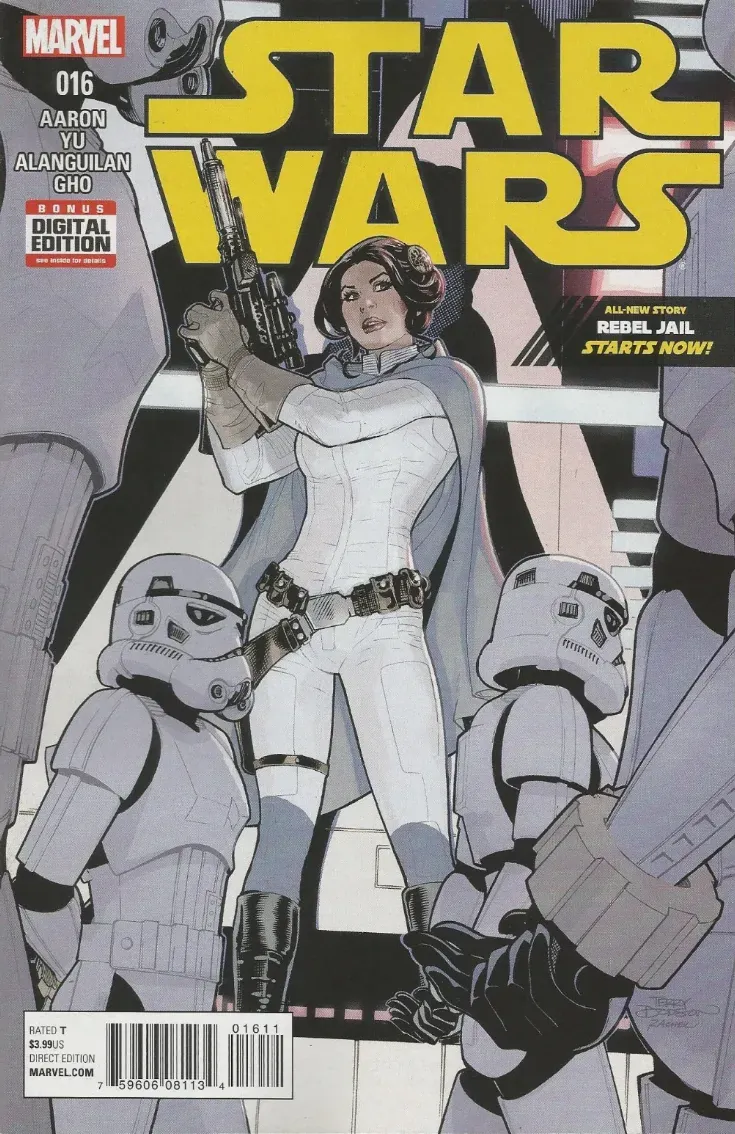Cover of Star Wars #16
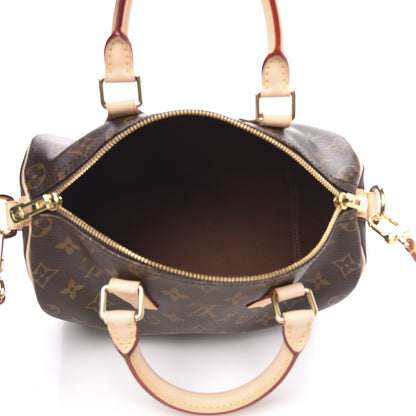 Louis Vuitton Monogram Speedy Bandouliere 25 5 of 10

==

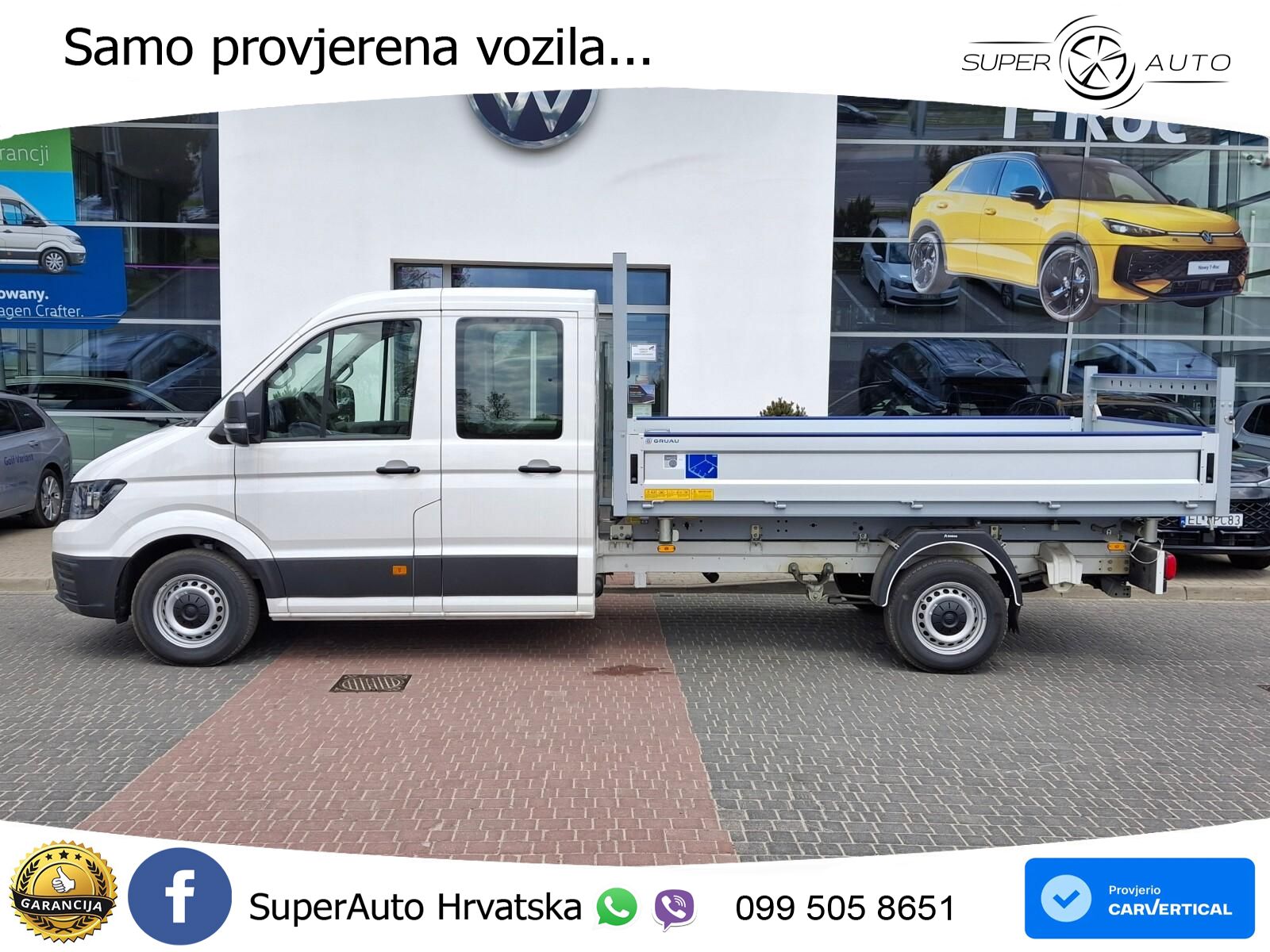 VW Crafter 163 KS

Task statement
Range to copy from the listing above: the line containing "Cover of Star Wars #16" down to the line containing "Louis Vuitton Monogram", both included. Reproduce it exactly, minus the pictures, and add nothing.

Finished exercise
Cover of Star Wars #16
 Louis Vuitton Monogram Speedy Bandouliere 25 5 of 10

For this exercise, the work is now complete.